= Sierra de las Cruces =

Mountain range in south-central Mexico

Region map

The Sierra de las Cruces, also popularly called Sierra del Monte de las Cruces, is a mountain range in Mexico, in its south central region, which delimits the valleys of Mexico and Cuautitlán in the Basin of Mexico, with Toluca Valley as well as a part of the Lerma Basin. The Battle of Monte de las Cruces took place in this mountain range, as well as the construction of the Cutzamala System.
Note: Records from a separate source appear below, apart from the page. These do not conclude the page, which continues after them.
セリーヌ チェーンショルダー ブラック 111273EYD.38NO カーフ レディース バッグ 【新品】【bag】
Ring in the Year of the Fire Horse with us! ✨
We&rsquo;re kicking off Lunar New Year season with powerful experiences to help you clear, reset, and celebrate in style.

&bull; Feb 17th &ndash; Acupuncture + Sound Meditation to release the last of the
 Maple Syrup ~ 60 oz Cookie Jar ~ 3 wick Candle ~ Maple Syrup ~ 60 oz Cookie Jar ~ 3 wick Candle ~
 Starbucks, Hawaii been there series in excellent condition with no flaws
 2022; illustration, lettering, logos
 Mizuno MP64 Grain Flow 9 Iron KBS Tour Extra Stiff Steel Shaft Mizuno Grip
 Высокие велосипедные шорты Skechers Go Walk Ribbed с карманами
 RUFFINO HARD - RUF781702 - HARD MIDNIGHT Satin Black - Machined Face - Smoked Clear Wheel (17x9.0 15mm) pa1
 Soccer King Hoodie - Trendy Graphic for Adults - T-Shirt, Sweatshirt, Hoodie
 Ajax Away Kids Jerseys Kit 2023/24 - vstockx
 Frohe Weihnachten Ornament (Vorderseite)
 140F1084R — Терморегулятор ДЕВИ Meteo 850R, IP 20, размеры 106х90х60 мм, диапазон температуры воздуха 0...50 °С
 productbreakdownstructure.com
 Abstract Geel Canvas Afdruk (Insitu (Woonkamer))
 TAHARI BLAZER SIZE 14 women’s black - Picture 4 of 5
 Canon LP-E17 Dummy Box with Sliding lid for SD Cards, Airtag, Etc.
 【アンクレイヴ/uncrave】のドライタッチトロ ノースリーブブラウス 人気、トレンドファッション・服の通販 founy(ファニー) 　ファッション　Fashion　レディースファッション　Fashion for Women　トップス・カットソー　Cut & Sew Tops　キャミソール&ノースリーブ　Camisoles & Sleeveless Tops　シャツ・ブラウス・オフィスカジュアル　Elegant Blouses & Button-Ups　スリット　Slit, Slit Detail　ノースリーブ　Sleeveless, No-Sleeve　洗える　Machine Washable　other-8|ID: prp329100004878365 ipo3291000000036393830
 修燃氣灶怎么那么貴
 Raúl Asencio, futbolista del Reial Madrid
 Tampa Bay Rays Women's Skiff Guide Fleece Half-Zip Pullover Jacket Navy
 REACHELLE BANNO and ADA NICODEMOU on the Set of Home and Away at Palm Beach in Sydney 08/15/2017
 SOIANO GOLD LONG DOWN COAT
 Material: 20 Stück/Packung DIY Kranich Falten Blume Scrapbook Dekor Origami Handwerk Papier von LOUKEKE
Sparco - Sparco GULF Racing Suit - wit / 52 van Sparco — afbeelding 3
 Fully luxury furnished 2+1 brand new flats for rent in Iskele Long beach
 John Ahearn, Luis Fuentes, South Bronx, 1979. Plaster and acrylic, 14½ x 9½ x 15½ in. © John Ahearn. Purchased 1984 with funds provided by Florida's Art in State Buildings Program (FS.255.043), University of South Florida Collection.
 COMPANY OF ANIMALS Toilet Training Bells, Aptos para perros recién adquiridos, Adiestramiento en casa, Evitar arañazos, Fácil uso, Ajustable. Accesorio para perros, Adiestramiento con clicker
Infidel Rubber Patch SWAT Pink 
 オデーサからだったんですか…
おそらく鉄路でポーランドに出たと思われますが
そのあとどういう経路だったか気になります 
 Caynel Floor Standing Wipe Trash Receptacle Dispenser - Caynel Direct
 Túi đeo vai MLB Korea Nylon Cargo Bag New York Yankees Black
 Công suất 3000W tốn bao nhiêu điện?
It is part of the Transversal Volcanic Axis, and represents the watershed of three hydrological basins: the Lerma River, the Valley of Mexico (both of the endorheic type) and the Balsas River (of the exorheic type).

==History==
Due to the studies carried out in the mountains, it is considered that Sierra de las Cruces was formed next to the Trans-Mexican Volcanic Belt, which is considered a continental volcanic arc, formed since the recent Miocene epoch, with the La Catedral stratovolcano being the oldest with about 3.71 ± 0.40 million years. years., with an important activity during the Pliocene and Pleistocene formed by extensive lava flows and domes of andesitic-dacitic composition and calc-alkaline affinity, alternating with pyroclastic flows of blocks and ashes, pumice flows, pyroclastic surges, fall deposits, flows of debris and mud, as well as collapses resulting in debris avalanche deposits.

Its entire structure rests in the southern area on Cretaceous limestone or on volcanic rocks from the basal mafic sequence of 7.1 million years, which makes it younger than the Miocene Tepoztlán formation; the northern part rests on a series of volcanic structures from the middle Miocene that correspond to the formation of the Sierra de Guadalupe, between 14 and 16 million years old, and the Sierra de la Muerta from the late Pliocene.